Sin embargo mis emociones eran más parecidas a las que produce la muerte de un amigo que tuviste alguna vez y al que hace años perdiste la pista, o la de un familiar que solo llegaste a conocer por las crónicas de tus padres pero con el que te sentías unido por ese hecho biológico al que llamamos lazos de sangre.
Mis labios se han quedado secos y contraídos, un estremecimiento me ha recorrido a velocidad eléctrica, y una montaña de evocaciones y recuerdos se ha precipitado sobre mi memoria.
Conocí la poesía de Ory en primero de carrera. Había ido a vivir con mis independizados hermanos a principio de curso, y por entonces llevaba ya unos cuantos años escribiendo poesía, aunque mis lecturas eran muy limitadas. Conocía a Lorca con cierta profundidad, y había picoteado todo aquello con lo que me había tropezado en el bachillerato, llegando a devorar a Catulo, que se convirtió para siempre en objeto de una de mis agitadas devociones literarias, pero lo cierto es que escribía mucho más de lo que leía.
Durante una tertulia nocturna con mi hermano mayor, le confié ese gran secreto, y como toda persona que escribe poesía, poco tuvo que animarme para que le enseñara alguna de las cosas que había escrito. Fue bastante crítico, eso lo recuerdo, pero sobre todo recuerdo que me prestó dos libros: Metanoia de Carlos Edmundo de Ory, y las Rubaiyatas de Horacio Martín de Felix Grande.
En ambos libros encontré esa poesía intimista que yo mismo buscaba, esa poesía que puede ser tan existencial como epicúrea, tan estoica como frívola. Con el tiempo Felix Grande quedó más apartado, aunque ese libro me sigue pareciendo genial, pero Ory continuó conmigo. Leí sus diarios, su prosa, sus extravagancias, sus sonetos. Desde entonces hasta ahora he tenido dos ejemplares de Metanoia, y tan desgastado está el segundo que deberé comprar pronto el tercero.
No soy crítico literario, ni siquiera soy buen lector de poesía, me dejo arrastrar por la música, por las sensaciones que el lenguaje y el ritmo me transmiten, y dejo en segundo plano el significado de los poemas, en el fondo es lo que menos me importa de ellos, los leo igual que escucho música, en un plano sensorial antes que intelectual.
Nunca he dejado de releer a Ory.
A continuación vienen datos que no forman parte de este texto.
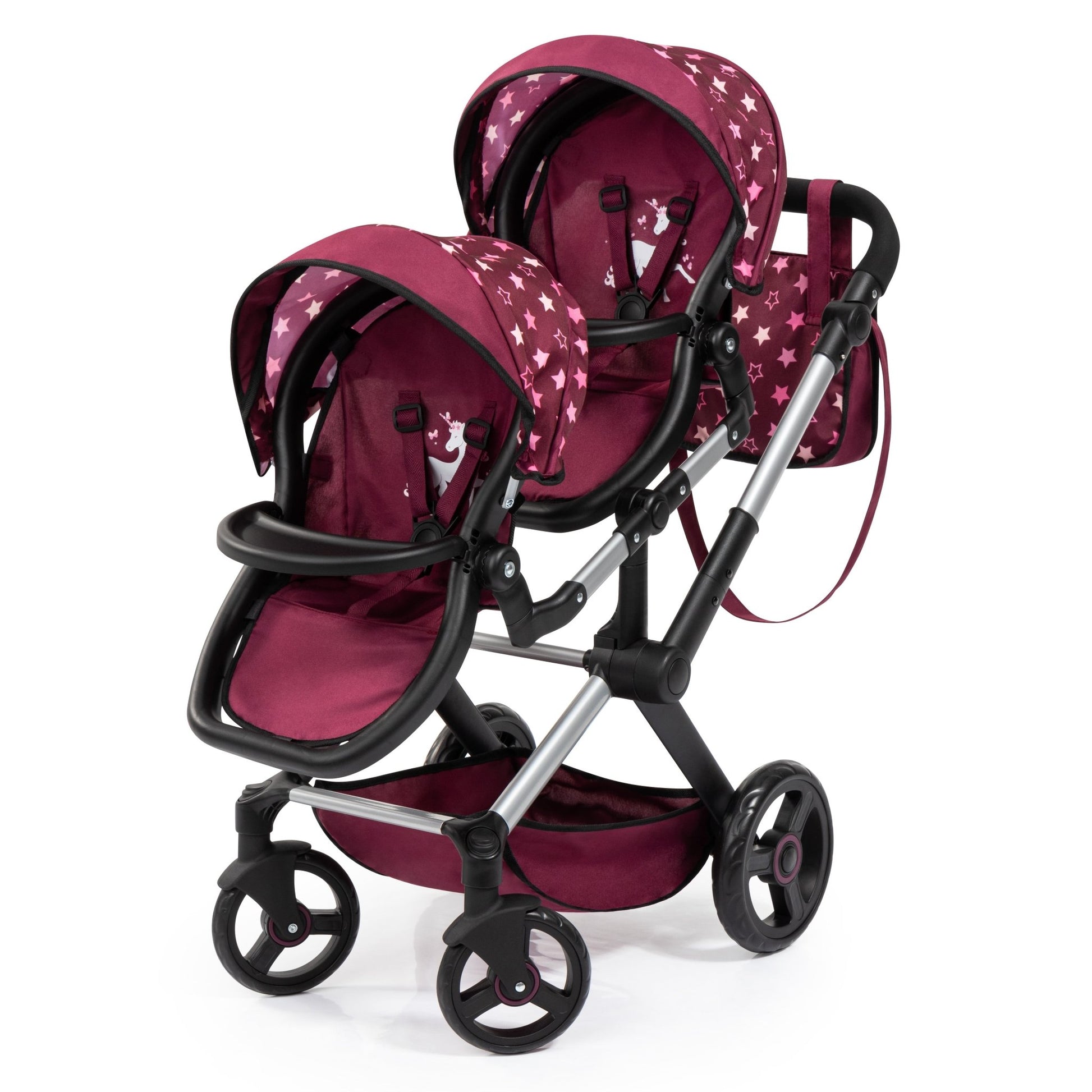 Bayer - Baby Doll Xeo Twin Pram For Two Dolls With Basket & Bag - Marah Kids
Será un poeta maldito, o lo que quieran llamarle los que reparten los laureles según no sé bien qué criterios, será cierto que no le han otorgado el suficiente reconocmiento, y es probablemente verdad que ha estado al margen de todas las escuelas de las que ha sido contemporáneo, pero sigo envidiando su atrevimiento, su profundidad, su humor, su erotismo y su extraordinaria musicalidad. Tiene una obra demasiado abundante, escribía todo lo que se le ocurría y lo publicaba todo, de modo que hay muchos poemas mediocres en su extensa obra, pero cuando alcanzaba el cielo, Dios abdicaba en él.
Nos queda su poesía, o a lo mejor ni eso.